Hello.
Coming soon:
Short Films, out on October 27 💘🎞
Launching on:
October 27 (the day of release!) at 6pm, SOAP Dance Hall, 12 Beresford Square, Tāmaki Makaurau
November 1 at 6pm, Enjoy Contemporary Art Space, 211 Left Bank, Te Whanganui-a-Tara
I hope you’re having a good Labour Weekend, if applicable. I hope you’re well either way. I hope you’re having luck in small exchanges with strangers and that something on the street or in the garden strikes you as nostalgic, if only because the air meets you in the same way it did when you were a child, when everything felt large and endless.
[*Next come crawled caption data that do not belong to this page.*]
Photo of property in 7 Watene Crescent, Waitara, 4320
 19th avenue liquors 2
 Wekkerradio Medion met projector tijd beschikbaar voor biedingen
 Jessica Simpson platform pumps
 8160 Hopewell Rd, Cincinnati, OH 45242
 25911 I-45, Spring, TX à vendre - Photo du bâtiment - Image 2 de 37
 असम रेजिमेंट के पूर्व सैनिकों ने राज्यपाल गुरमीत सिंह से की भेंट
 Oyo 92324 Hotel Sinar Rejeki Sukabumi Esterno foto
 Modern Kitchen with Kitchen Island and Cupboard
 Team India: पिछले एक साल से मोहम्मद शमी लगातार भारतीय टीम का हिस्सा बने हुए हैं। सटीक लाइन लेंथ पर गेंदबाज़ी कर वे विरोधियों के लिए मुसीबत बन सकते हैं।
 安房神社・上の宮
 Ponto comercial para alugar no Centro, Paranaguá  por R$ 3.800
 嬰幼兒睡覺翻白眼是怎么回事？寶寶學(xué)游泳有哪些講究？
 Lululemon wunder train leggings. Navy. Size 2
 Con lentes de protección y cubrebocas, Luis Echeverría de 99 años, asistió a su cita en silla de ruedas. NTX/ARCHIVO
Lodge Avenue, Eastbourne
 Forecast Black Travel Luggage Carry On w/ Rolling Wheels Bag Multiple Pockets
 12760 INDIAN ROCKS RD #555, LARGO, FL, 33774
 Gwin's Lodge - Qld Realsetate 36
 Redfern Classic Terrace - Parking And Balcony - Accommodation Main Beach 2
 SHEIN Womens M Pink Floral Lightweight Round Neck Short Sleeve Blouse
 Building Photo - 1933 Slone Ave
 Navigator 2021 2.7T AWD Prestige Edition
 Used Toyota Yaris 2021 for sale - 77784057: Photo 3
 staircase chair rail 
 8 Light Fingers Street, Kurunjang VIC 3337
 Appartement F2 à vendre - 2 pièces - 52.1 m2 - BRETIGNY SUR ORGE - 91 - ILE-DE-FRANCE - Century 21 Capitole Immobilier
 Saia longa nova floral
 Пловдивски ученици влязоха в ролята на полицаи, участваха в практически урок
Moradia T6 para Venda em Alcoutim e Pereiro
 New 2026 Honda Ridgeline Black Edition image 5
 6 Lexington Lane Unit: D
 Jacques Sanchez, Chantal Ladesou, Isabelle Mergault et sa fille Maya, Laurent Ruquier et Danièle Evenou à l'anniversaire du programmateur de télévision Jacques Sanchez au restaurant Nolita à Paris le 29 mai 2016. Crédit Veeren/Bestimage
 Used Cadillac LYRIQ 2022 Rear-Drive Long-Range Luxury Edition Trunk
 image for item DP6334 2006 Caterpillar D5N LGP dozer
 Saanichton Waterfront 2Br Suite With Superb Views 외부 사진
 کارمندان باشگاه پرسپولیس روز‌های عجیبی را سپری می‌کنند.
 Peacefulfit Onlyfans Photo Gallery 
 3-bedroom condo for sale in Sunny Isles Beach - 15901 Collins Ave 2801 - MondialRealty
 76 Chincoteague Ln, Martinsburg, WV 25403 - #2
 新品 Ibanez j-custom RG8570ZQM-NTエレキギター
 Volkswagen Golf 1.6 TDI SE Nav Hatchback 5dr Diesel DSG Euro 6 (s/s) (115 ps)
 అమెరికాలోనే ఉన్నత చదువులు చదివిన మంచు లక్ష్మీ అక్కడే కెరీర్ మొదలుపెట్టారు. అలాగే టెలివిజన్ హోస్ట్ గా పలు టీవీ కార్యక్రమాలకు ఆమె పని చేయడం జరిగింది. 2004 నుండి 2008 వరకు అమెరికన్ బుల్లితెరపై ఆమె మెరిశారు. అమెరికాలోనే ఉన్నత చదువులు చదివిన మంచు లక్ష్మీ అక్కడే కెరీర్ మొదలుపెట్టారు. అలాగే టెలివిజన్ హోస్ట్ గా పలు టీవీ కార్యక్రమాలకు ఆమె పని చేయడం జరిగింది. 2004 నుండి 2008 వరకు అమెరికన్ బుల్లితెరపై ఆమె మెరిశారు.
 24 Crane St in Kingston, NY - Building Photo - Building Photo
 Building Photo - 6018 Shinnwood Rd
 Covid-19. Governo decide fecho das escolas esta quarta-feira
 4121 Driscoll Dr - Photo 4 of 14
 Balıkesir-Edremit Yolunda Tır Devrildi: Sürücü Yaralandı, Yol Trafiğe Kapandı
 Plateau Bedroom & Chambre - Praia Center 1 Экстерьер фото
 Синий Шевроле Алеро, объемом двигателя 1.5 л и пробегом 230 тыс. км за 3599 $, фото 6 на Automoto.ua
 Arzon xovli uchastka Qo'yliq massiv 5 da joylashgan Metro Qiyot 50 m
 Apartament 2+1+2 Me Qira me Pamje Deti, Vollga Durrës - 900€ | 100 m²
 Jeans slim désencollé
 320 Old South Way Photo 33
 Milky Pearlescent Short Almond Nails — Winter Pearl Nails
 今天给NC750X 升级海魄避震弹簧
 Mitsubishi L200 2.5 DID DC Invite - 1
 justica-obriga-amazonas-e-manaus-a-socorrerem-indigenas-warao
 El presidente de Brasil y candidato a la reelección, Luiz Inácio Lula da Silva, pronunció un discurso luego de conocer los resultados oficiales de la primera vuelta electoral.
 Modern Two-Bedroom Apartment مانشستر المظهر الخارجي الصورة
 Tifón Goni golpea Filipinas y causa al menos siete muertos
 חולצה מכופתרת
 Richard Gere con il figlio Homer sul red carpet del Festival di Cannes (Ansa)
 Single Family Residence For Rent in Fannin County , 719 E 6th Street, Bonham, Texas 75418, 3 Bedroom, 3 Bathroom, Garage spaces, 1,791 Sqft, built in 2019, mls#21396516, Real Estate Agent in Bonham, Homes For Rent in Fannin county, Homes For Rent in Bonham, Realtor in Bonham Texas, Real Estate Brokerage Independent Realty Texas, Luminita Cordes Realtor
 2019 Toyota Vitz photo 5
I think it’s because we are hurtling ever closer to the inevitability that is the release of Short Films, but I’ve been feeling a distinct disquiet this past week and a half. It’s nothing to do with the book itself. I don’t even think it’s had one cause—except perhaps that kind of self-awareness that bubbles into self-examination that the imagined voices of family members and middle school friends tease further into self-centeredness. Which is probably just what happens when the brain turns focus on itself, anyway. Something cannibalistic in it, but imagining other people’s teeth.1
For the most part it’s just been sitting at my desk at work, for example—where, for context, I work in arts marketing, with a focus on digital—and feeling potently ill about my own relationship with social media. I’ve always said I want to delete all of my accounts as soon as I reach the point that my ability to get work isn’t hinging on them, but last Friday I found myself staring at my Instagram account and just thinking, This is clutter. I am clutter. I am cluttering. And none of this is new, of course—none of it is even original—but! It’s become particularly noticeable during this book period. Because my full-time job is in many ways to do the thing I ostensibly should be doing for myself right now, and it doesn’t feel disingenuous when it’s for the artists I spend most of my time doing it for, but it feels completely antithetical to how I want to approach my own work.
Every time I go to write an Instagram caption it’s like I’m dancing around in a little jester outfit going, I’m confident in my work but I am also fun and approachable and I don’t take myself too seriously and I am earnest but not in a way that should cringe you out and also I don’t care about any of this none of this charade has an effect on me social media is a fake landscape and don’t we all know it I promise I’m not desperate for you to buy my thing honestly how capitalist is this relationship with art and how gross but also this is my work and the arts are underfunded and undervalued and should I not want to devote time to the craft I do care about and in this society there are limited paths to that so this is my lot unless we wrench the whole thing wide open aren’t I goofy here are some emojis I’m not even thinking about this also teehee lol bye bye! And—you don’t need that. I don’t need that. It doesn’t help any of us. Plus, the thing is: I’m a writer. If I have something to say, you get it here, or you get it in my work, or we can talk about it if we encounter each other in person. But it’s this absurd adjacent performance that hit me in a huge wave last Friday, and it’s just like—no thanks. I don’t think I want to do it. And no one is forcing me to. Nobody even minds.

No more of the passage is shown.